# Smooth Inverse Frequency (SIF)

SIF shows a simple unsupervised method for sentence embedding can get results better than sophisticated supervised models like RNN's and LSTM's with a modification of weights for supervised models. This weighting improves performance by about 10% to 30% in textual similarity tasks.  SIF weighting scheme is shown below.

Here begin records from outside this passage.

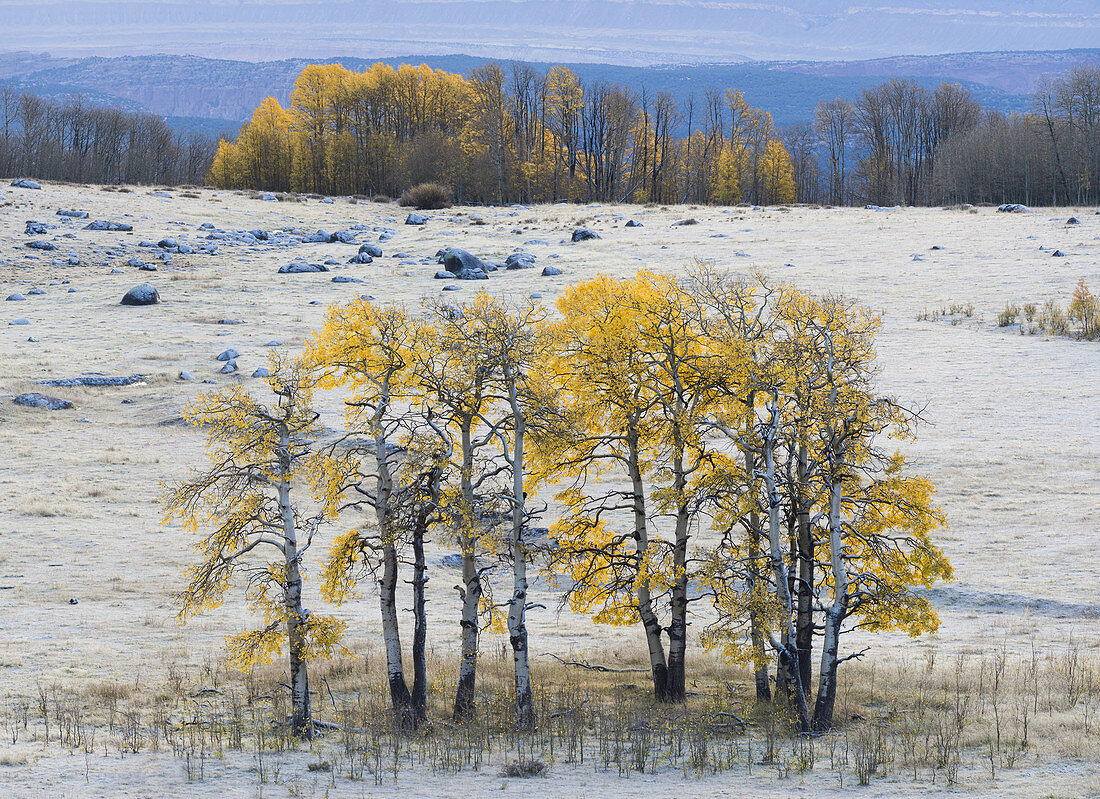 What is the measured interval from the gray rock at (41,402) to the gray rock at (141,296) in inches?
591

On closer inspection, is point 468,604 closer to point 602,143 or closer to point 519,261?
point 519,261

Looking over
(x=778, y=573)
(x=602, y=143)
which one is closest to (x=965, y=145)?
(x=602, y=143)

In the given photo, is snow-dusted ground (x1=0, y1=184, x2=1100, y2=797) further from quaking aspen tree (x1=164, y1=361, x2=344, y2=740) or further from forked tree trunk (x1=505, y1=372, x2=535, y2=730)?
forked tree trunk (x1=505, y1=372, x2=535, y2=730)

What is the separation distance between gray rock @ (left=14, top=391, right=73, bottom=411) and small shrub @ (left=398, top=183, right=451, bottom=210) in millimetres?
64099

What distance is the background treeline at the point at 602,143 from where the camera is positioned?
337 feet

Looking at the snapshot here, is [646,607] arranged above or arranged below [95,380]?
below

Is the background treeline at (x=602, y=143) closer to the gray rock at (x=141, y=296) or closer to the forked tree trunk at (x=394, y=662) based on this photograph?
the gray rock at (x=141, y=296)

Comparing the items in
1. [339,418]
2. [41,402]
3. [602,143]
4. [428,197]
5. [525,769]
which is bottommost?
[525,769]

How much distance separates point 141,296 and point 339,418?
72.5 feet

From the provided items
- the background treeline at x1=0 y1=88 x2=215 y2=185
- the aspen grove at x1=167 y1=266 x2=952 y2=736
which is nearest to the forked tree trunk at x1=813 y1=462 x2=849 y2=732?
the aspen grove at x1=167 y1=266 x2=952 y2=736

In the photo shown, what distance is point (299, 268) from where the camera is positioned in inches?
2238

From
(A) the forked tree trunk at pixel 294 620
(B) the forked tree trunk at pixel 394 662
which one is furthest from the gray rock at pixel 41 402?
(B) the forked tree trunk at pixel 394 662

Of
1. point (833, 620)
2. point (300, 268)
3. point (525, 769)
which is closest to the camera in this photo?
point (525, 769)

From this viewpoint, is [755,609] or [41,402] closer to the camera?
[755,609] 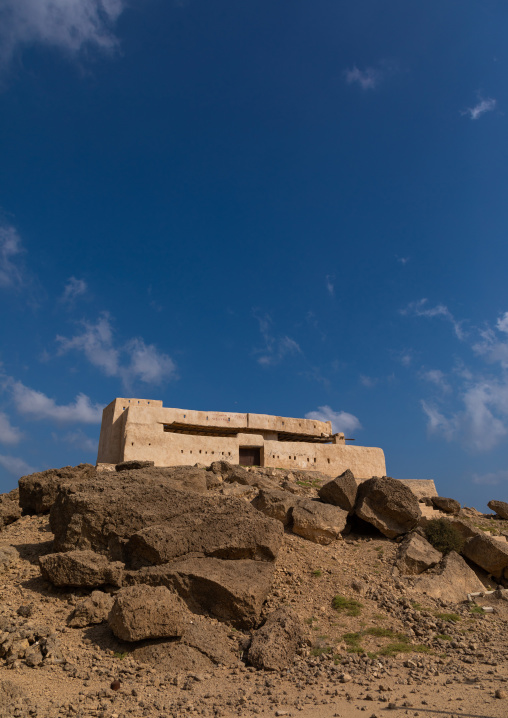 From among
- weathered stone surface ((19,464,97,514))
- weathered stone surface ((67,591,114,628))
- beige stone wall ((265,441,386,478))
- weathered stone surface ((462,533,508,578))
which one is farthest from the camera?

It has new "smoothing" terms that allow for words occurring out of context, as well as high probabilities for words like and, not in all contexts. 

In [1]:
!git clone https://github.com/PrincetonML/SIF.git

Cloning into 'SIF'...


In [1]:
%cd SIF/src

C:\Users\d072726\Downloads\Master-Thesis\Source code\SIF\src


In [2]:
# imports

import data_io, params, SIF_embedding
from gensim.models import KeyedVectors
import numpy as np
import pandas as pd
from nltk.translate.bleu_score import sentence_bleu
from nltk.translate.bleu_score import SmoothingFunction
smoother = SmoothingFunction()
from rouge.rouge import rouge_n_sentence_level # pip install easy-rouge
from scipy.stats import pearsonr

In [3]:
# imports for preprocessing

import re
from nltk.corpus import stopwords
from nltk.tokenize import word_tokenize 
import nltk
nltk.download('stopwords')
nltk.download('punkt')

[nltk_data] Downloading package stopwords to
[nltk_data]     C:\Users\d072726\AppData\Roaming\nltk_data...
[nltk_data]   Package stopwords is already up-to-date!
[nltk_data] Downloading package punkt to
[nltk_data]     C:\Users\d072726\AppData\Roaming\nltk_data...
[nltk_data]   Package punkt is already up-to-date!


True

### Pretrained word embeddings

- Download fasttext pretrained word embeddings [here](https://dl.fbaipublicfiles.com/fasttext/vectors-wiki/wiki.en.vec)
- Download glove pretrained word embeddings [here](http://nlp.stanford.edu/data/glove.840B.300d.zip)

Unzip the glove embeddings and save the embeddings in a folder Pretrained_embeddings.

In [4]:
#For convience convert the fasttext and glove embeddings to word2vec format

#for using fasttext embeddings

fasttext_model = KeyedVectors.load_word2vec_format('../../../Pretrained_embeddings/wiki.en.vec')

INFO:gensim.models.utils_any2vec:loading projection weights from ../../../Pretrained_embeddings/wiki.en.vec
INFO:gensim.models.utils_any2vec:loaded (2519370, 300) matrix from ../../../Pretrained_embeddings/wiki.en.vec


In [35]:
#for using glove embeddings

glove_file = '../../../Pretrained_embeddings/glove.840B.300d.txt'
tmp_file = '../../../Pretrained_embeddings/glove_word2vec.txt'
#_ = glove2word2vec(glove_file, tmp_file)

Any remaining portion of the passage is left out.